Consider the linear program

$\min\ \ 5x_1+12x_2 + 4x_3\ \ $, $\ \ $subject to

$x_1+2x_2+x_3 = 10$

$2x_1-x_2+3x_3=8$

$x_1,x_2,x_3 \geq 0$

You are given the information that $x_2$ and $x_3$ are positive in the optimal solution. Use the complementary slackness conditions to find the optimal dual solution.

I'm referred to Problem 1 here to get an idea on how to solve a dual linear program using complementary slackness. Notice that over there, the constraints are all inequalities, so they allow for the possibility of slackness. In fact, the slackness of some constraints is used to conclude that some of the dual constraints are tight, and vice versa.

The problem in the above question is that all constraints are equalities, which means the constraints must be tight! So the procedure detailed in the linked homework solution doc can't be used.

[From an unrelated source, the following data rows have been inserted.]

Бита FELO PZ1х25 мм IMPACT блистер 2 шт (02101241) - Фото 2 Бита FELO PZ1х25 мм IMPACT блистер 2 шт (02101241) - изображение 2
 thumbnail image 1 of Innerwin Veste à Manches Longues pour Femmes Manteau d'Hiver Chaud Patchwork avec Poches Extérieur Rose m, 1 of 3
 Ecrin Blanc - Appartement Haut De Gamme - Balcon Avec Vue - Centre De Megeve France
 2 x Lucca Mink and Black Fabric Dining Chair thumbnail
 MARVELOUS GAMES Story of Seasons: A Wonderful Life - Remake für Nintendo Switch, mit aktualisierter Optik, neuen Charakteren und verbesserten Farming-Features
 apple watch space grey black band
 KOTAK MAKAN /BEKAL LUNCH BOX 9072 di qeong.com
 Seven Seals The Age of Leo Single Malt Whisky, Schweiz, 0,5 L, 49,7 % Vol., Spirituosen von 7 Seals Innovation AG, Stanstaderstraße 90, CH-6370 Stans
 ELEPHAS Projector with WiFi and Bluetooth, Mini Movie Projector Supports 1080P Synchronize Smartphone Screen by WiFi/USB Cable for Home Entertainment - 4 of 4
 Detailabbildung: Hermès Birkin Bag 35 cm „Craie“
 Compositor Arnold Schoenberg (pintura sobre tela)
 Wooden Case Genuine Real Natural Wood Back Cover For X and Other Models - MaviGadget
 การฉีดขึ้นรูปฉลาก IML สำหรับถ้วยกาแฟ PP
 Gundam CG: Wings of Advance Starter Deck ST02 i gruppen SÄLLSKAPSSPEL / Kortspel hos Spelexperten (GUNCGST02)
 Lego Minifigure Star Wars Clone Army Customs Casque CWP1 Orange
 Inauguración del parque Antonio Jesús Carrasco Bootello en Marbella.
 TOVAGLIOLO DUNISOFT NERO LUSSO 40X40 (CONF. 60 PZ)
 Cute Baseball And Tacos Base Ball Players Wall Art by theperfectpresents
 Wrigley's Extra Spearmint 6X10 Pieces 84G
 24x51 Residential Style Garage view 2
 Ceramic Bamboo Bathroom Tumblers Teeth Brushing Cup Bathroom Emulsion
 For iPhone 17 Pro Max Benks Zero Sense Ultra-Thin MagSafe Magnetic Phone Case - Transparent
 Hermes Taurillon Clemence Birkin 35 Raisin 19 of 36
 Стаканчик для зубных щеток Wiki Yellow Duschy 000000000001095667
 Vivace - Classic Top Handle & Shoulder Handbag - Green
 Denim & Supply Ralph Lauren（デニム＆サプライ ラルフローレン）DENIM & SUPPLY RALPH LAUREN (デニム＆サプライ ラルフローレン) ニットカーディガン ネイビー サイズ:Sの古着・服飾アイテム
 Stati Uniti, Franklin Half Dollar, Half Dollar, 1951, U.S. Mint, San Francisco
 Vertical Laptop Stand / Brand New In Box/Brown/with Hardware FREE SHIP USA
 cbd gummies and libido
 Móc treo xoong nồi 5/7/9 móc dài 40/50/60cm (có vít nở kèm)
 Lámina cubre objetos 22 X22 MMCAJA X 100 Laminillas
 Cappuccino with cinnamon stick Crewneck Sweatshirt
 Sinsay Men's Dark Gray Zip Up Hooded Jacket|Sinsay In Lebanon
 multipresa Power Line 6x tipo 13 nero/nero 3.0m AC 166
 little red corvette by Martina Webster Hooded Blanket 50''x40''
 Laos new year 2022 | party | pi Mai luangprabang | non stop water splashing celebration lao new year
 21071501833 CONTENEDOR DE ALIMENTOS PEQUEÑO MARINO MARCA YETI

So far what I've done is to use the constraints to express the objective function only in terms of $x_1$ (that's because nothing is specified for $x_1$ of the optimal solution). It turns out to be an increasing function of $x_1$, so I can set $x_1 = 0$ to obtain the primal solution. But I can't understand how exactly to use complementary slackness to get the dual solution in this case. A hint would be appreciated.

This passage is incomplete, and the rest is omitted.